◆ **WORK INSTRUCTION**: From the line containing "Skrmbillede 2023 11 21 210305" to the last line of the data below, copy everything exactly and nothing else; pictures stay out.

◆ **SUPPLIED DATA**:
Content starts
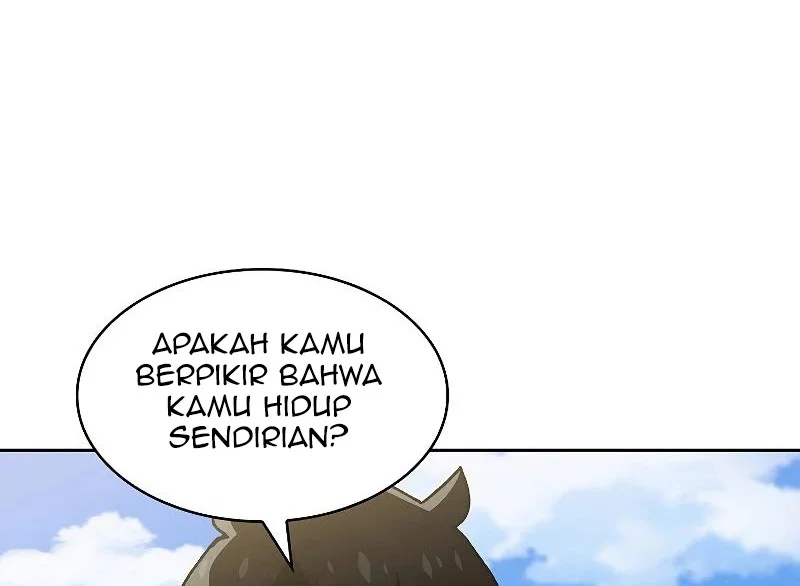 FFF-Class Trashero Chapter 98 Gambar 9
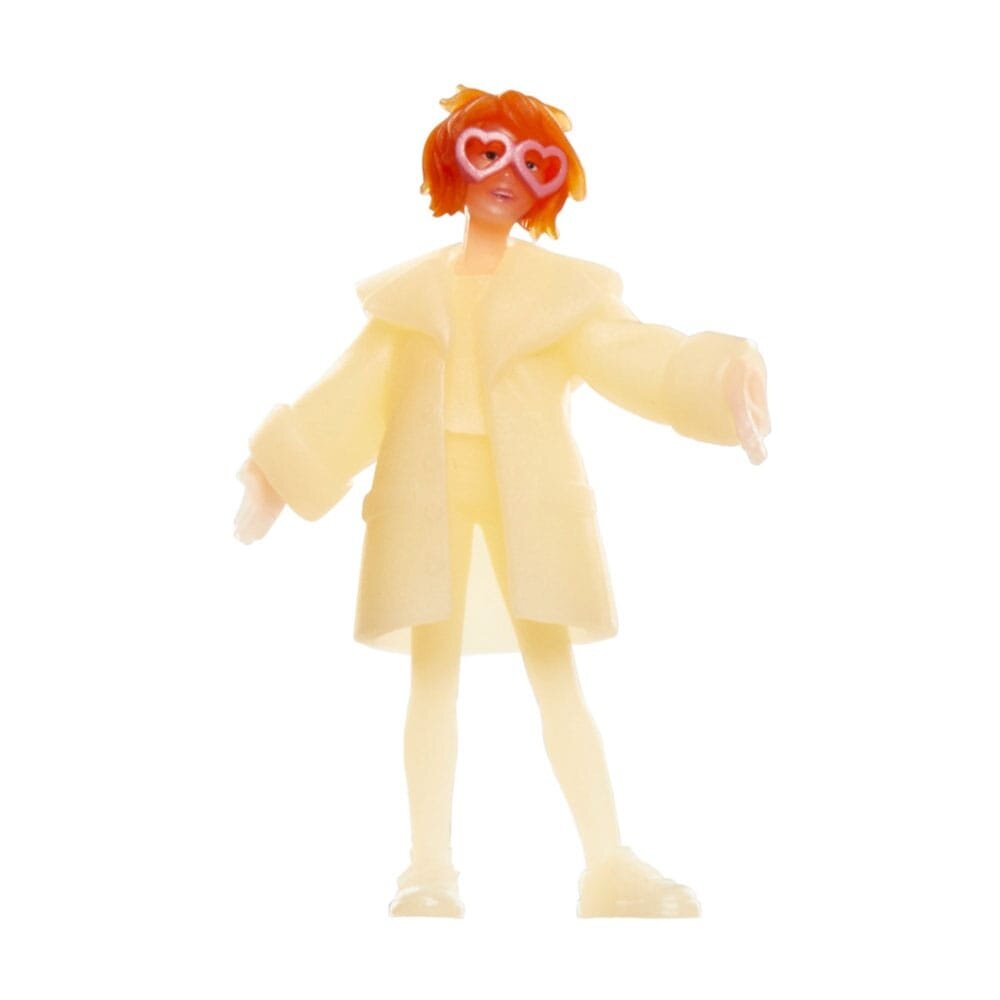 Hasbro Spider-Man: Across the Spider-Verse Marvel Legends Action Figure Spider-Gwen 15 cm Hasbro Spider-Man: Across the Spider-Verse Marvel Legends Action Figure Spider-Gwen 15 cm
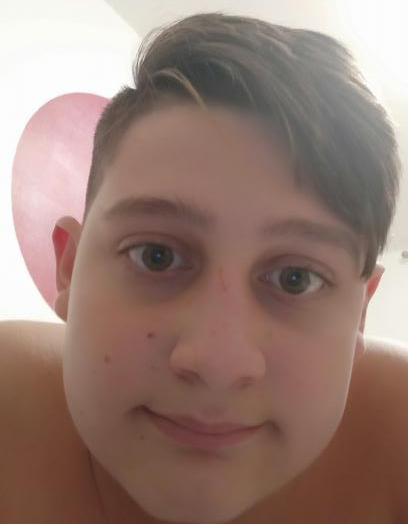 Skrmbillede 2023 11 21 210305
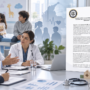 Identidad de género en niños y adolescentes sociedades científicas piden mesa técnica sobre atención en salud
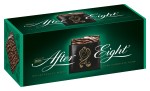 After Eight Czekoladki Z Nadzieniem Miętowym 200 g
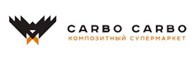  CarboCarbo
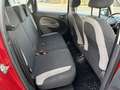 Citroen C3 Picasso 1.4 VTi Tendance | airco | 1e eig | 48217km | Rouge - thumbnail 7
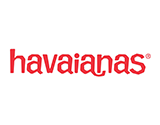 Havaianas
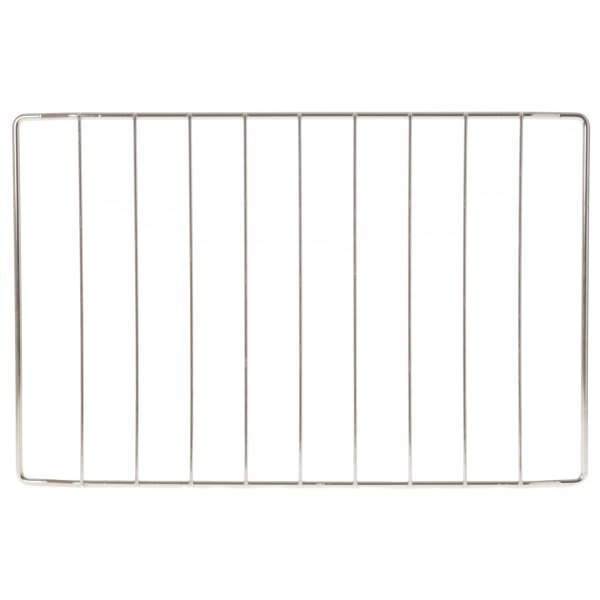 General Electric Replacement Roasting Rack, Part# Wb48x5108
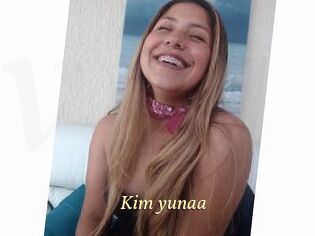 Kim_yunaa Vidéo porno gratuite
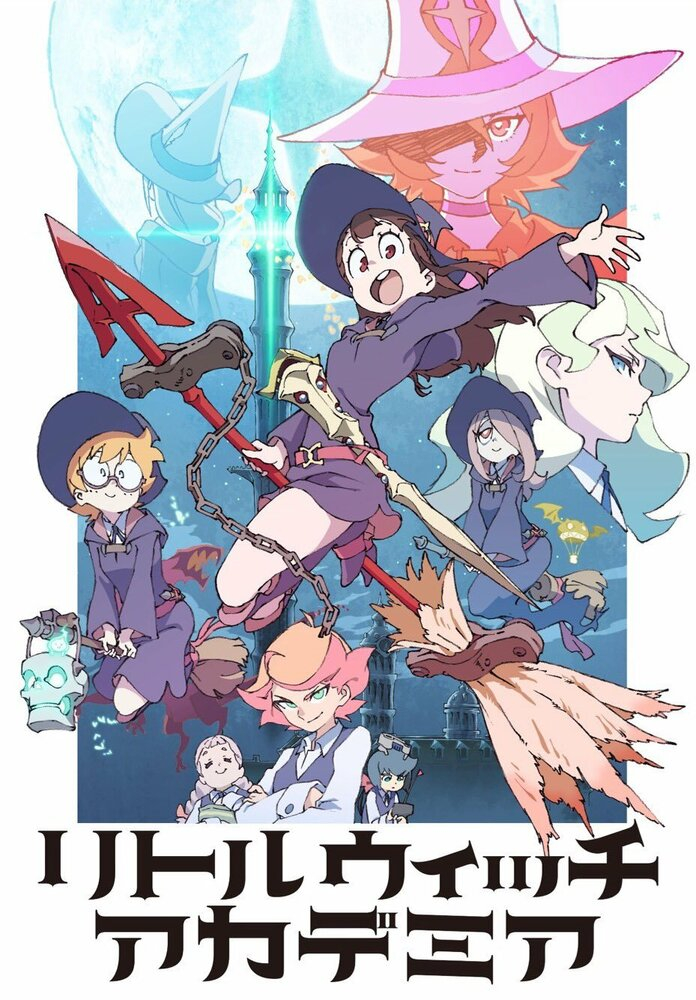   (2017)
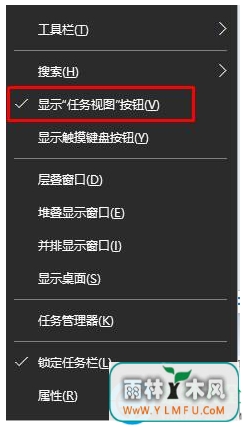 win10ϵͳ½ľ岽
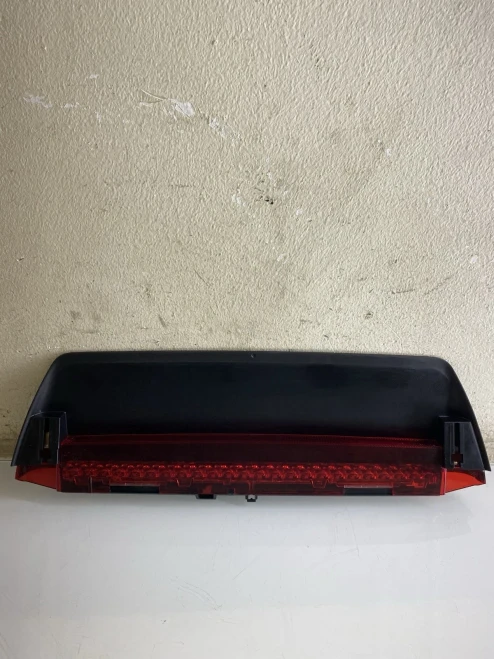 2015-2019 Volkswagen Passat Used Third Brake Light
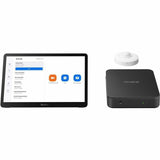 Yealink MCore Pro Video Conference Equipment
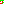 Destellos dst-7791192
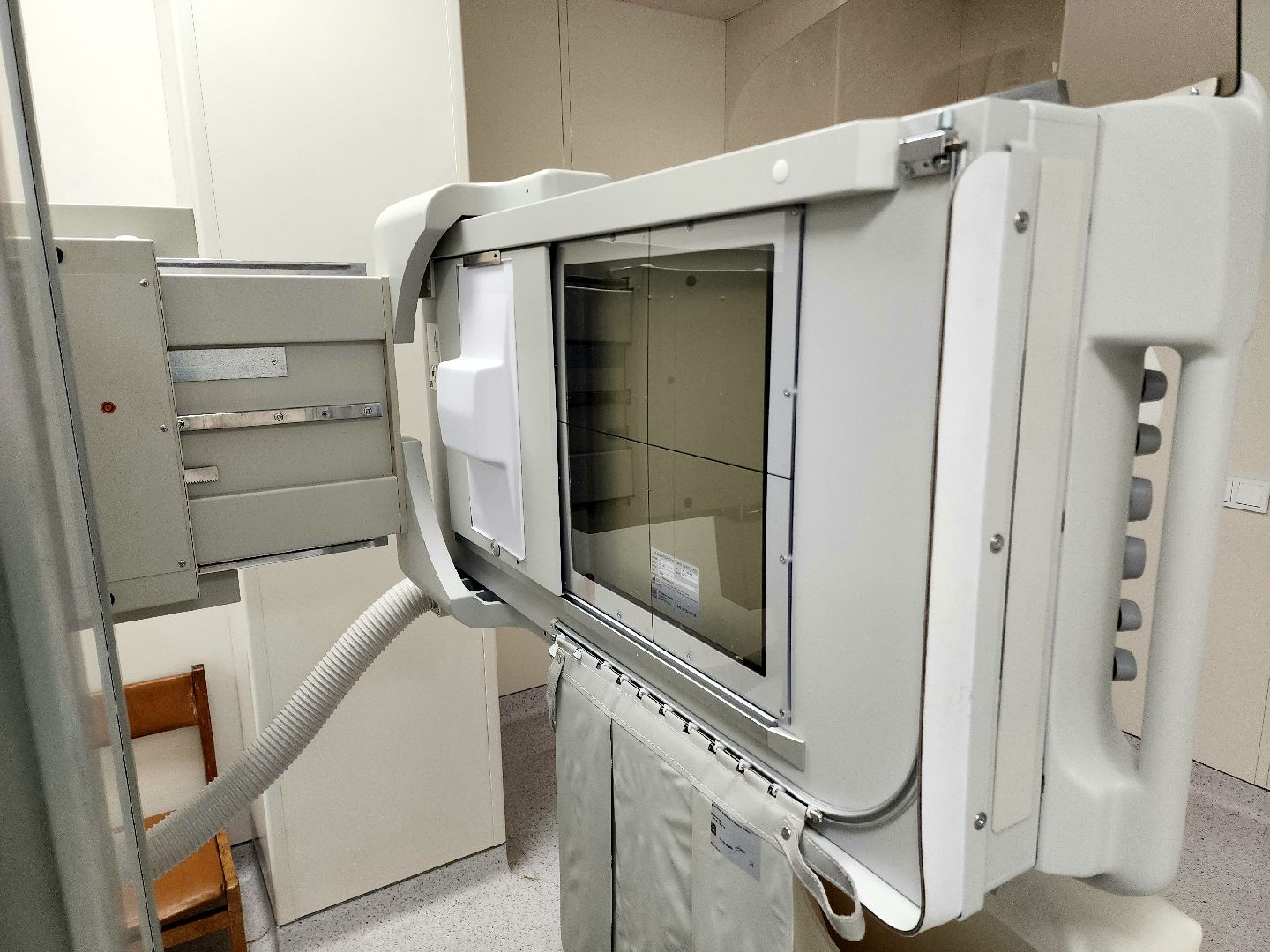 солнечногорск, медицина , здравоохранение, больница, жители ,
Content ends
◆ **WRITTEN REPLY**:
 Skrmbillede 2023 11 21 210305
 Identidad de género en niños y adolescentes sociedades científicas piden mesa técnica sobre atención en salud
 After Eight Czekoladki Z Nadzieniem Miętowym 200 g
  CarboCarbo
 Citroen C3 Picasso 1.4 VTi Tendance | airco | 1e eig | 48217km | Rouge - thumbnail 7
 Havaianas
 General Electric Replacement Roasting Rack, Part# Wb48x5108
 Kim_yunaa Vidéo porno gratuite
   (2017)
 win10ϵͳ½ľ岽
 2015-2019 Volkswagen Passat Used Third Brake Light
 Yealink MCore Pro Video Conference Equipment
 Destellos dst-7791192
 солнечногорск, медицина , здравоохранение, больница, жители ,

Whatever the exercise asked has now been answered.